The trail now dips southeast into Wyoming. Away from the forests and the tourist fleecing activity of the Yellowstone and Grand Teton National Parks I ride into the badlands of the arid Wyoming basin. The locals say that the rivers and streams that go into the basin don’t come out and water supply becomes a bit of an issue at times as some of the reported watering holes turn out to be dry. Yet the arid landscape is very beautiful if you are into barren voids. There is a photo below of one of the majestic storms that careen across the basin each afternoon. As one of these storms bore down on me one evening I actually had to hang onto the tent (again) against the wind and capture the water off the tent to filter and drink (which I’m glad no one caught on camera).
Grand Teton National Park just south of Yellowstone has some lovely scenery.
In Grand Teton National Park
The best coffee in a long time is in the lovely trekking, coffee and brewery town of Pinedale in Wyoming.
Washboard shakes things up a bit.
Not a lot out here apart from a few ‘tax cows’.
Saw this lovely Co-Motion tandem heading into the basin at Boulder.
Missoula is a funky little craft beer lovin’ city with loads of cycling credibility so I perch myself at the bar of a brewery in the centre of town to enjoy some cool and refreshing IPAs. Montana is proving to be a good place to find a nice beer and lashings of lovely huckleberry smoothies. At last out of the column of trees that was Canada I stretch out and surge out across the prairie. Wisdom further south marks a cultural change to something more akin to ‘the West’; well, my image of it anyway. I avoid the gun show that is in town for two days (a sad affair in the community hall charging $5 to get in) and ride on for Jackson (Rosa’s Cafe), then over a small pass and and a roll of 20km down into Dillon, a brewery town boasting a university.
South of Dillon I decide to cut across the north of the Blacktail Mountains on a quiet dirt road towards Yellowstone National Park and after an afternoon’s riding without a lot of water, find a bridge with a pretty rank river that can at least provide some water for boiling. Curtis who is riding towards Denver at a rate of knots arrives with just enough time to set camp before a storm that has been threatening to arrive for most of the afternoon hits with full force. These things are building up during hot summer days and this one soon turns into an electrical storm the likes of which this boy has not seen for some time.

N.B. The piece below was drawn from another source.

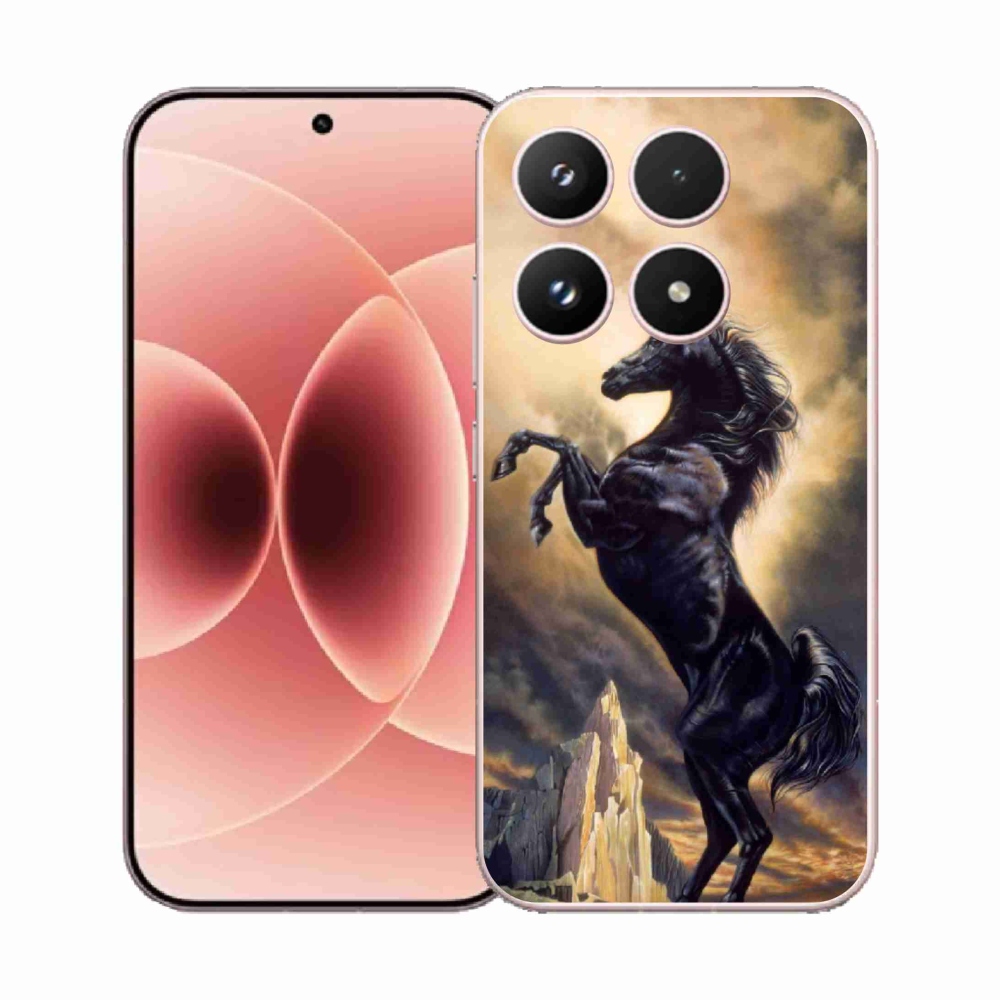 Gél borító mmCase a Xiaomi 17 - fekete rajzfilm lóhoz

The pre-storm winds take on biblical proportions and I’m soon hunkered down in the tent hanging on for grim death, watching the lightning flashes through the flimsy sheeting as they all too gradually flash across the sky. Having Curtis there at least increased the chances of the lightning barbecuing someone who was not your worthy correspondent – thanks Curtis.
Then it is across the border into Idaho momentarily and a lovely little lodge/bar/cabin property called Squirrel Creek along the Ashton road just west of the Teton National Park. Am hoping back onto the ‘great-divide biking route again now so on sighting the bike-friendly sign (refer photo) your correspondent cruises in for an afternoon of gas-bagging and imbibing with the owners and some guy who just seemed to be there to drink beer. Then off into Wyoming and the Yellowstone and Teton National Parks.
Lovely garden decoration with a water feature emanating from the front grill.
Rosa’s Cafe in Jackson, Montana.
Biker heaven, this way?
Squirrel Creek is a great place to sit on the porch with the owners and locals and chew the fat while re-hydrating on a large amount of beer.